Tak perlu mengonsumsi ikan dengan harga yang mahal seperti salmon karena ikan dari lingkungan sekitar seperti bandeng juga banyak mengandung gizi, bahkan ikan teri juga terbukti mengandung omega 3 yang berfungsi untuk menurunkan tekanan darah dan peradangan dalam tubuh sehingga ibu bisa lebih rileks saat menyusui.

Ibu juga disarankan banyak minum air putih saat menyusui karena komposisi air dalam ASI dapat mencapai 90 persen.
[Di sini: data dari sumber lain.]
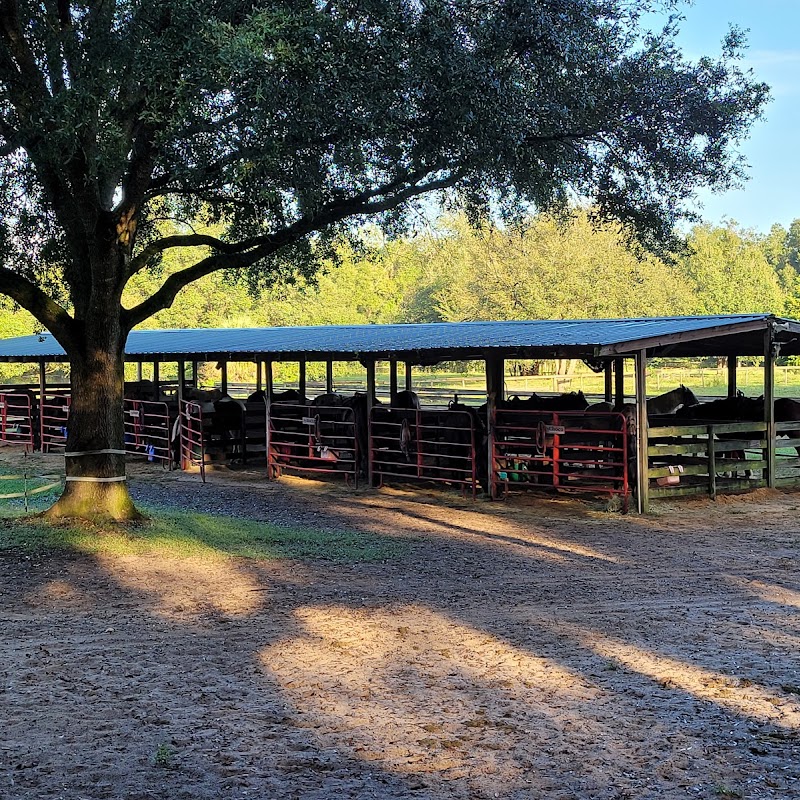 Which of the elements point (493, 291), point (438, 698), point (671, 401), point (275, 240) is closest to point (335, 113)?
point (275, 240)

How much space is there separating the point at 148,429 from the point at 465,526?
10640 millimetres

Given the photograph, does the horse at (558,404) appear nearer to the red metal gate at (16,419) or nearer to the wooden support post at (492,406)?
the wooden support post at (492,406)

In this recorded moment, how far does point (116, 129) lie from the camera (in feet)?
28.6

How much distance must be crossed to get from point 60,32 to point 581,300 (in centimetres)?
4169

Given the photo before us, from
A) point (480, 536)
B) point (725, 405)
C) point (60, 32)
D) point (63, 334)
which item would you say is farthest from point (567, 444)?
point (60, 32)

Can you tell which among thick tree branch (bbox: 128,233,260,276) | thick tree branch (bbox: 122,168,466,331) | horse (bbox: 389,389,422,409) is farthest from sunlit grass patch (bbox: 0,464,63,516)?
horse (bbox: 389,389,422,409)

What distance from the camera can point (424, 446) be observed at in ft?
50.8

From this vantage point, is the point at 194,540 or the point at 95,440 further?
the point at 95,440

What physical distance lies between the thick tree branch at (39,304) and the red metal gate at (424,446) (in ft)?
18.9

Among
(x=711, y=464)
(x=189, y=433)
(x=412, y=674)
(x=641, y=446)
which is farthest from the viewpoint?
(x=189, y=433)

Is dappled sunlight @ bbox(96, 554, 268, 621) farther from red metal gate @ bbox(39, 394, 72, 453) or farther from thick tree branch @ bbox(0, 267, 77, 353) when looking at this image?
red metal gate @ bbox(39, 394, 72, 453)

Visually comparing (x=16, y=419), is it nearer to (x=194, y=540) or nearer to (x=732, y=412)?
(x=194, y=540)

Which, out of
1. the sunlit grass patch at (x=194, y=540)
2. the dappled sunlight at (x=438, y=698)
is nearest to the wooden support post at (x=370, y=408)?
the sunlit grass patch at (x=194, y=540)

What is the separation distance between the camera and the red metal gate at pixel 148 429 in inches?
761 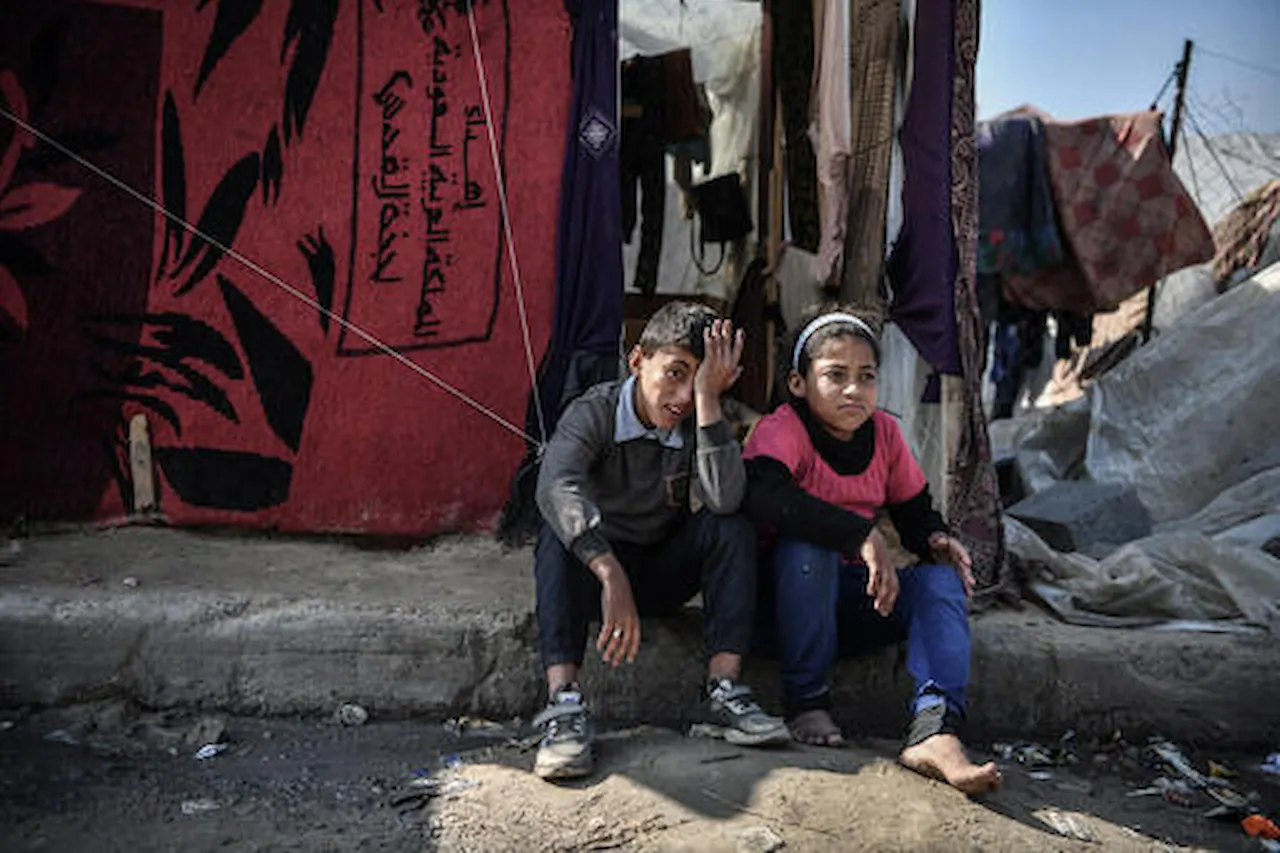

Menyusui adalah salah satu periode emas yang dibutuhkan oleh anak agar bisa mendapatkan asupan gizi yang cukup selama masa tumbuh kembangnya. ASI bahkan disebut sebagai cairan yang hidup sehingga apabila tidak dirawat dengan baik maka akan berhenti diproduksi dan bisa memberikan dampak negatif bagi kesehatan ibu.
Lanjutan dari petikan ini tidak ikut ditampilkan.